*** Block opens ***
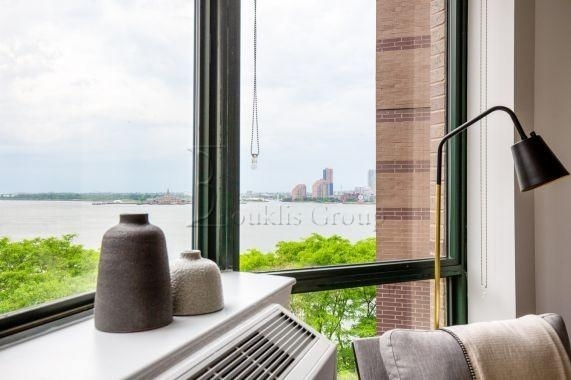 70 Battery Place - Photo 2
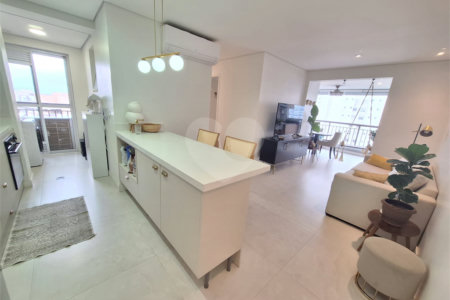 Apartamento à venda com 3 quartos, sendo 1 suíte,  em Vila Andrade, São Paulo, SP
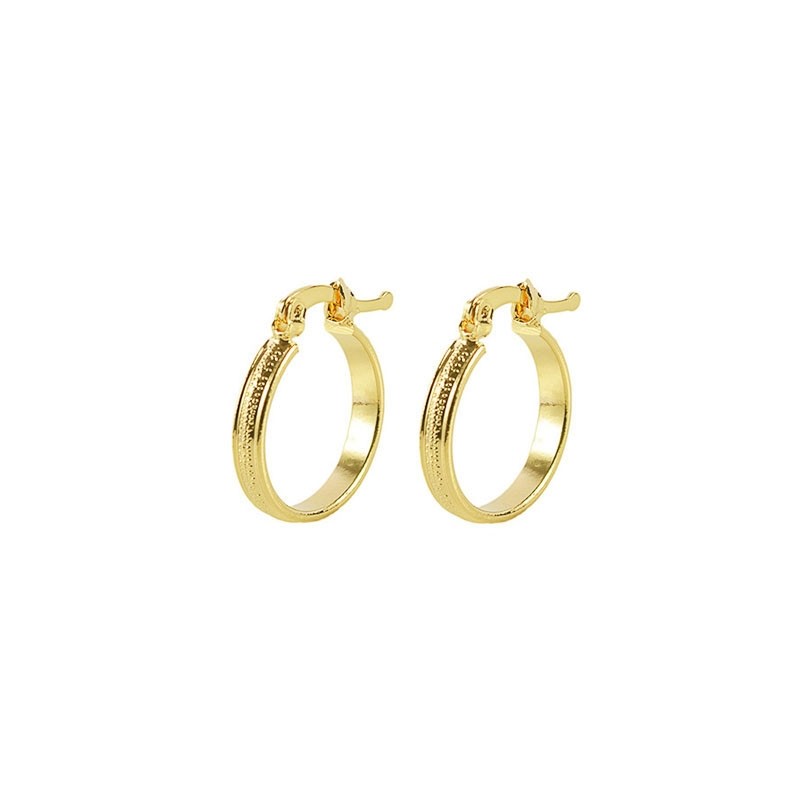 BRINCO ARGOLA PEQUENA TRABALHADA BANHADA OURO 18K SEMIJOIA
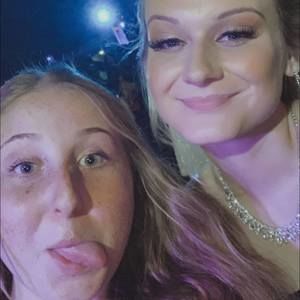 Meet your Posher, Aimee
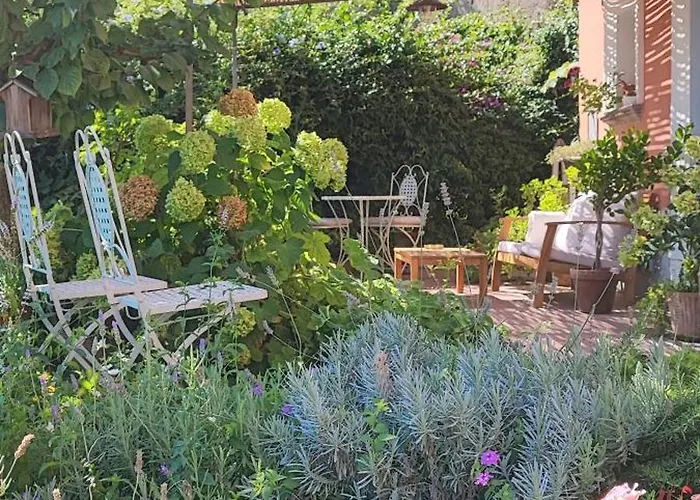 Lally's Garden Bed and Breakfast Σορέντο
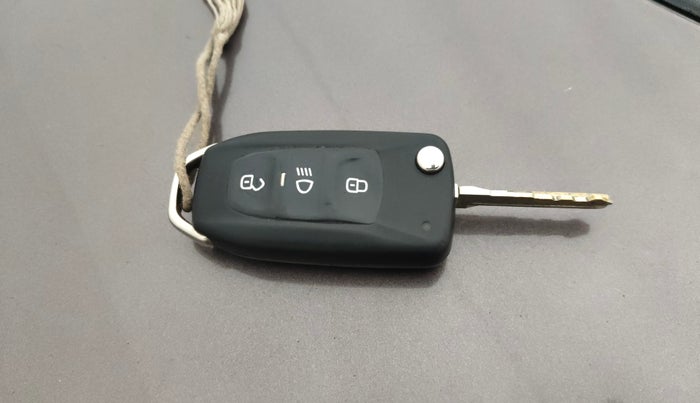 2018 Tata Tiago XZA PETROL, Petrol, Automatic, 76,983 km, Key Close Up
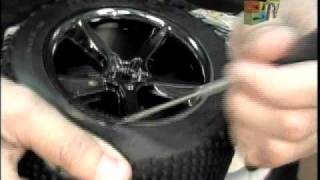 HOBBYMANIA TV - Prog # 6   SECCION MANTENGALO COMO UN CHUZO CAMBIOS LLANTAS y AROS MONSTER TRUCK 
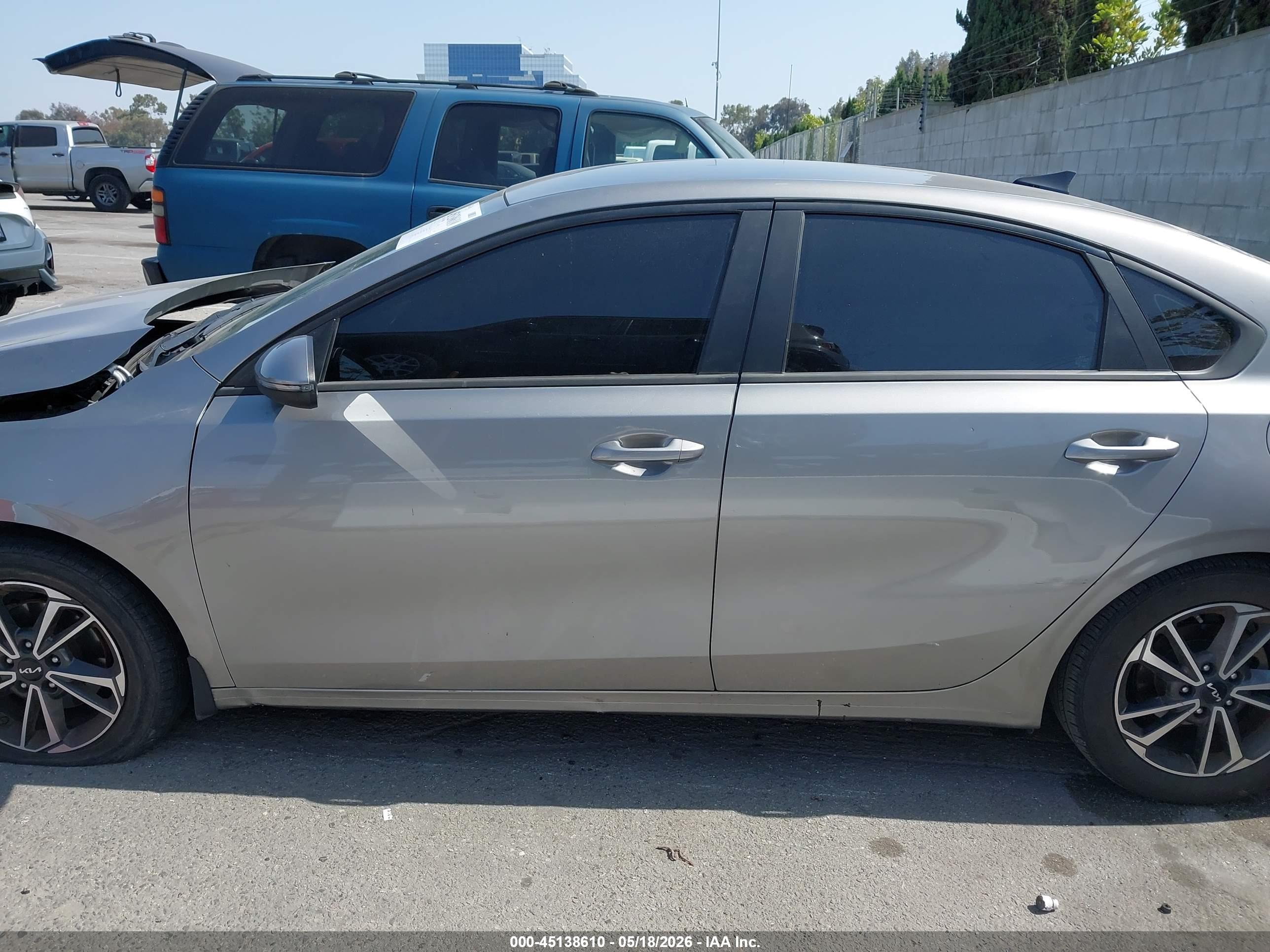 2023 KIA FORTE LXS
*** Block closes ***
## TASK GOAL
Repeat, line for line and exactly, the material from its first line through the line that contains "Lally's Garden Bed and Breakfast Σορέντο", both ends included; no pictures belong in the copy.

## RESPONSE
 70 Battery Place - Photo 2
 Apartamento à venda com 3 quartos, sendo 1 suíte,  em Vila Andrade, São Paulo, SP
 BRINCO ARGOLA PEQUENA TRABALHADA BANHADA OURO 18K SEMIJOIA
 Meet your Posher, Aimee
 Lally's Garden Bed and Breakfast Σορέντο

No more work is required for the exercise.